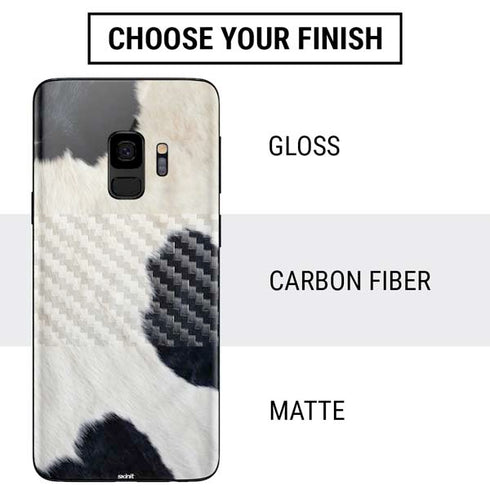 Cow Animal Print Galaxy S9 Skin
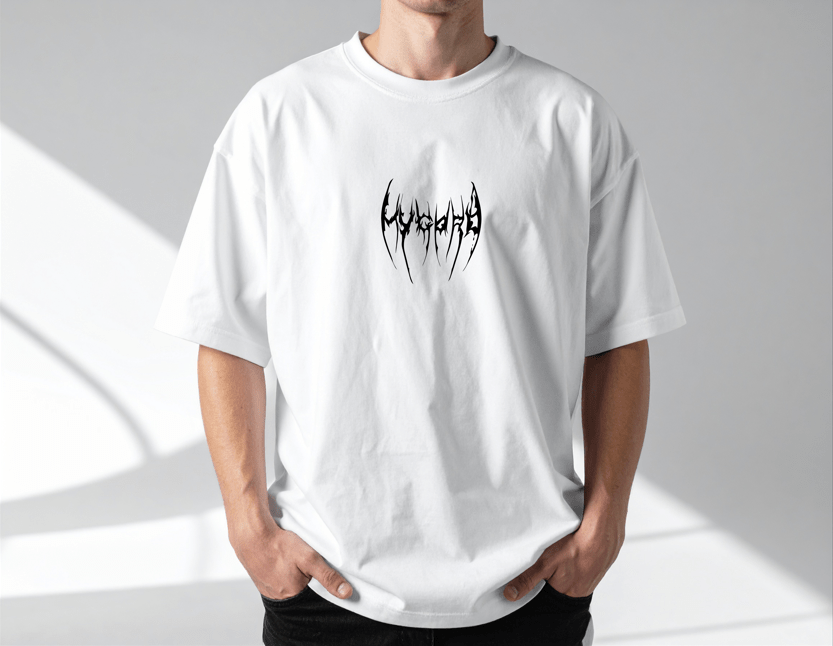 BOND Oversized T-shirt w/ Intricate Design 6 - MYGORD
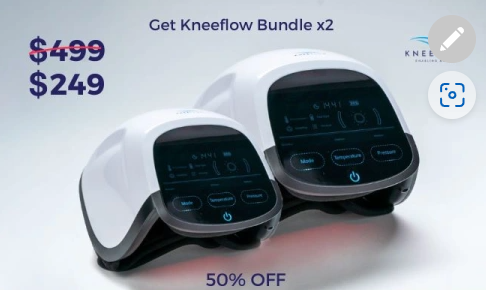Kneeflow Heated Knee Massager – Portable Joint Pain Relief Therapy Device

• • • • •

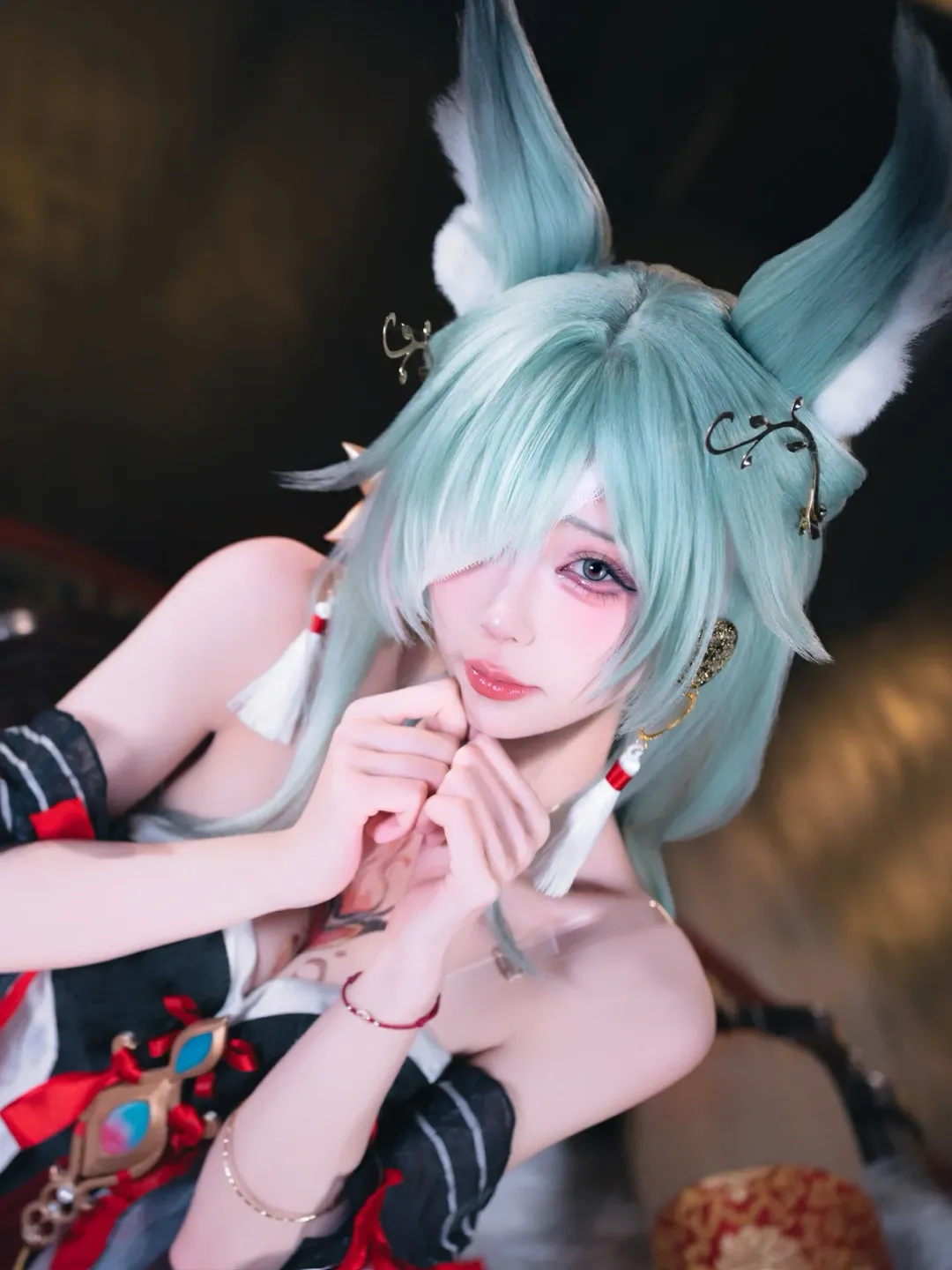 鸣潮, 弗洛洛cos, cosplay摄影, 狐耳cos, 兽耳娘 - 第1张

• • • • •

EXERCISE BRIEF:
Using the data above, copy exactly the lines from the one containing "Cow Animal Print Galaxy S9 Skin" to the one containing "Kneeflow Heated Knee", inclusive. Exclude the pictures.

FINAL ANSWER:
 Cow Animal Print Galaxy S9 Skin
 BOND Oversized T-shirt w/ Intricate Design 6 - MYGORD
Kneeflow Heated Knee Massager – Portable Joint Pain Relief Therapy Device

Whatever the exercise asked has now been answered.